The Mount Vernon campus hosted a panel discussion on the two women Thursday titled, “The Renaissance Women of Washington.” Mary Buckley, director of the GW Women’s Leadership Program and associate professor of dance, said both women were the embodiment of someone who is “defined as well educated, has wide interests and who has talent and knowledge in many different fields of study.”
The hybrid program with alumnae participating virtually and students and panelists seated in Post Hall also was an occasion to award the Elizabeth J. Somers Award to alumna Allison Cohen, B.A. ’88, who serves on the Mount Vernon Advisory Board, and Women’s Leadership Program alumna and Elliott School of International Affairs graduate Samah Mcgona Sisay, B.A. '15, who is a New York City attorney specializing in international human rights, immigration policy and challenging abusive police practices.
“[Both alumnae] tell the story of a women-centered community,” said Buckley, “and the value of what it means to connect, to share with each other and to support each other.”
GW Archivist Brigette Kamsler began the discussion by providing an overview of the historical legacy of Somers, sharing stories from “Dear Daughters: A History of Mount Vernon Seminary and College," written by Nina Mikhalevsky, former director of the Women’s Leadership Program.
Somers, Kamsler said, attended the Western Female Institute in Ohio where she graduated in 1855 and whose mother was committed to her education. Somers’ life was dedicated to teaching women, which she continued to do after she married and moved to Washington with her husband, a successful lawyer.
Kamsler said officials in the city sought her out to educate their daughters, and Somers developed a “rigorous academic training” of math and English that led to the founding of a boarding school and eventually, in 1878, the Mount Vernon Seminary and College that became a part of GW in 1999.
“The real connection between the original school and what Elizabeth Somers was thinking and teaching is through the Women’s Leadership program, promoting excellence and academic education and leadership,” Kamsler said. “Elizabeth throughout her life did the same thing.”
Panel from left: Mary Buckley, Brigette Kamsler, Jason Speck, Wilfried Zeisler. (William Atkins/GW Today)

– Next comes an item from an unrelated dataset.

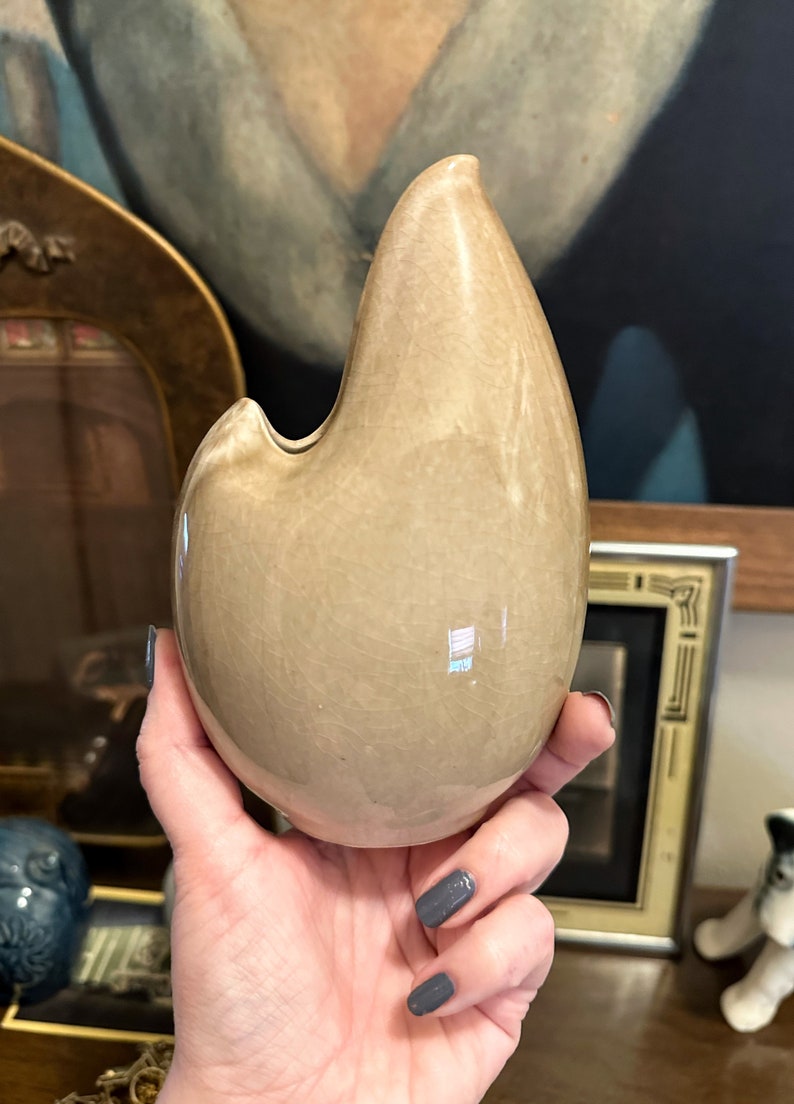 May include: A light brown ceramic vase shaped like a teardrop with a small opening at the top. The vase has a smooth, glossy finish.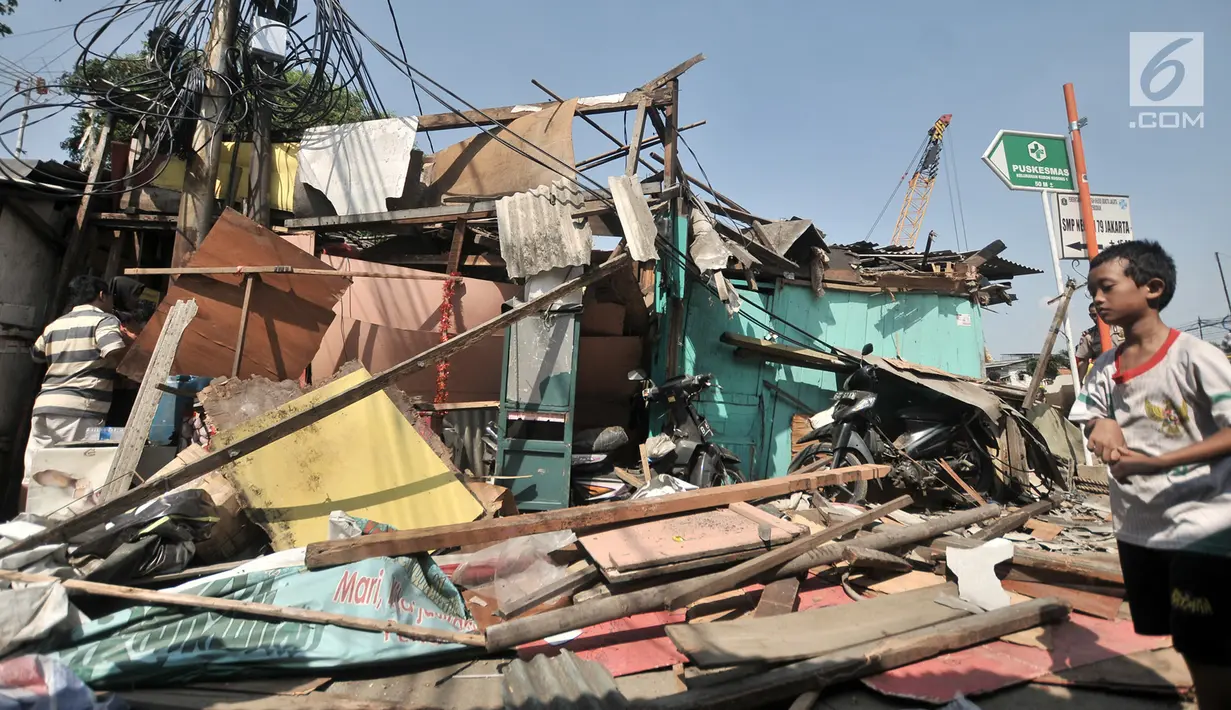 Anak pemilik rumah memindahkan barang pasca rumah ambruk akibat tertimpa crane yang jatuh di kawasan Kemayoran, Jakarta, Kamis (6/12). Akibat kejidan tersebut menyebabkan tiga orang luka-luka. (Merdeka.com/Iqbal S. Nugroho)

Kamsler was joined by panelists, Jason Speck, who described Majorie Merriwether Post’s modest beginnings that changed in the late 1890s when her father revolutionized American breakfasts by creating Post Grape Nuts cereal and Post Toasties. When Post’s father committed suicide, she was 27 and ready to run the company.
“Her father had been bringing her to business meetings from the time she was a young girl,” Speck said. “He did not treat her differently because she was his daughter and not his son. He expected her to know the things he knew.”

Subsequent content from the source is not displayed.